Segundo o presidente, o objetivo de Maia seria o de prejudicar o governo. "Faz-se de isso para atacar, atingir o governo", declarou Bolsonaro. "O que nós temos com a regularização é identificar qualquer foco de incêndio no Brasil. Não adianta falar, `temos 3 mil focos de incêndio no Brasil'. E daí? E daí? E daí? Você não sabe, naquele local, quem é o dono daquela terra não tem o CPF. Se tivesse aprovado aquilo, estaríamos combatendo isso daí."

Os dados do Instituto Nacional de Pesquisas Espaciais (Inpe) provam, cientificamente, mês após mês, que o governo Bolsonaro tem sido o mais incendiário de toda a Amazônia e Pantanal, com índices recordes de queimadas e desmatamentos recordes, nunca atingidos desde o início da série histórica feita pelo Inpe, a partir de 1998.

Bolsonaro aproveitou o vídeo com o filho para criticar, ainda, a preocupação de outros países sobre a questão ambiental no Brasil voltando a dizer que se trata de interesse comercial, interessado em prejudicar o Brasil e o agronegócio nacional.

"Quanto dos territórios deles estão com mata preservada? Ai o cara fala, `um erro não justifica o outro'. Por que eles, em vez de querer reflorestar o Brasil, não reflorestam seus próprios países?", questionou o presidente. "O grande jogo é econômico. Se você conseguir travar o agronegócio, a economia aqui tem um baque. E isso é bom para eles", disse Bolsonaro.

O agronegócio brasileiro, na realidade, está entres os mais preocupados hoje com a imagem do Brasil na área do meio ambiente. Em cartas sucessivas enviadas ao governo nos últimos meses, o agro, junto da indústria e organizações do meio ambiente, critica duramente a política de Bolsonaro e do ministro do Meio Ambiente, Ricardo Salles.

A última delas foi publicada na semana passada. A Coalizão Brasil Clima, Florestas e Agricultura, movimento composto por 267 representantes ligados às áreas do meio ambiente, agronegócio, setor financeiro e academia, reagiu mal ao anúncio de novas metas climáticas feito pelo ministro do Meio Ambiente, Ricardo Salles.

Na avaliação das empresas, a proposta do governo Bolsonaro foi marcada pela "ausência de diálogo no processo de revisão". "A sociedade brasileira foi fundamental para que o país apresentasse uma meta ambiciosa na Conferência do Clima (COP) 21 em 2015, que teve como resultado a assinatura do Acordo de Paris. Na revisão, a tradição de diálogo e escuta com a sociedade não foi respeitada", afirmou o grupo.

Bolsonaro deseja um "excelente 2022"

Para que não fique nenhuma dúvida sobre onde estão os pensamentos do presidente da República, Jair Bolsonaro desejou a todos os brasileiros um "excelente 22" neste sábado, 19, ao concluir a entrevista.

"Vamos acreditar, o Brasil é um País maravilhoso. (Ano de) 22, né? Eu não estou dizendo que vou vir candidato, mas vou participar da política de 2022. Se vocês continuarem a acreditar em mim, pode ter certeza nós mudaremos o Brasil pelo voto. Pode ter certeza disso, tá ok?", disse Bolsonaro, para logo em seguida concluir: "um abraço para todo mundo, bom Natal, bom fim de ano e um excelente 22 para todos nós."
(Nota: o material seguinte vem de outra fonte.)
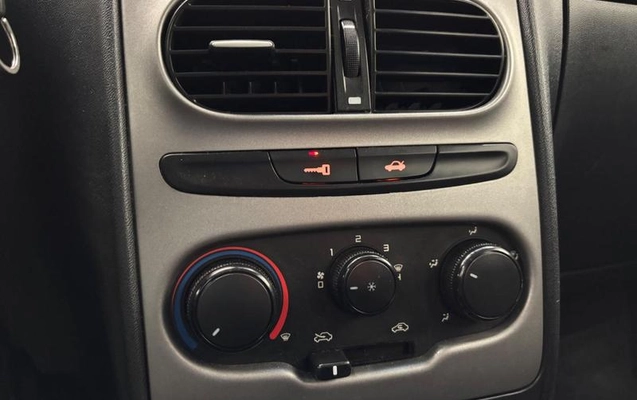 imagem-https://www.socarrao.com.br/sc-vehicle-images-prod/3153983/1787835380408-8367437_21_B_be0a15c428.jpeg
Durante a conversa com o filho, Bolsonaro criticou a imprensa e países estrangeiros, defendeu torturadores, disparou contra o Congresso e disse que foi eleito "militância de internet, a tia do zap", que "pode tuitar o que bem entender" sobre sua atuação. "Qual a importância da tia do zap, que está todo dia tuitando, todo dia defendendo o governo? E querem calar essas senhoras ou essas pequenas páginas (de internet)?", questionou.
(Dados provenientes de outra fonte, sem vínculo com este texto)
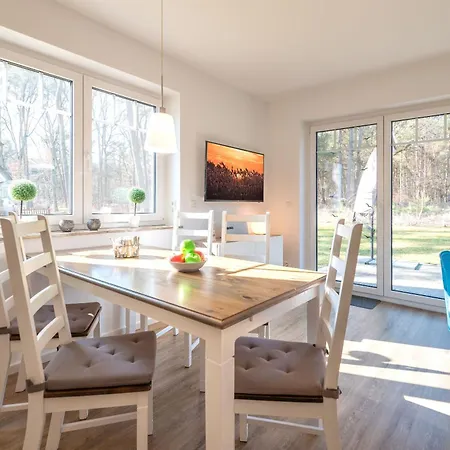 別荘 Meerle Zirchow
Para demonstrar seu "poder" de atração de votos, Bolsonaro chegou a expor o próprio filho Eduardo, dizendo que este só teve "um voto" nas eleições, o de si próprio, porque todos os demais foi o pai que lhe deu.

"Como está a vida de deputado, está feliz? Vamos ver se você está ficando inteligente. Você teve quantos votos nas últimas eleições?", questionou Bolsonaro, ao que Eduardo respondeu: "1.843.735 de votos".

Bolsonaro, então disse: "não aprendeu não. Você teve um voto. O resto foi meu, pô."

O pai citou, então, um episódio em que quase dormiu ao volante, durante uma viagem que fazia com o filho, entre o Rio de Janeiro e Ribeirão Preto, em São Paulo. "Não confio em vocês, né. Sou mais eu dormindo do que vocês acordados, disse.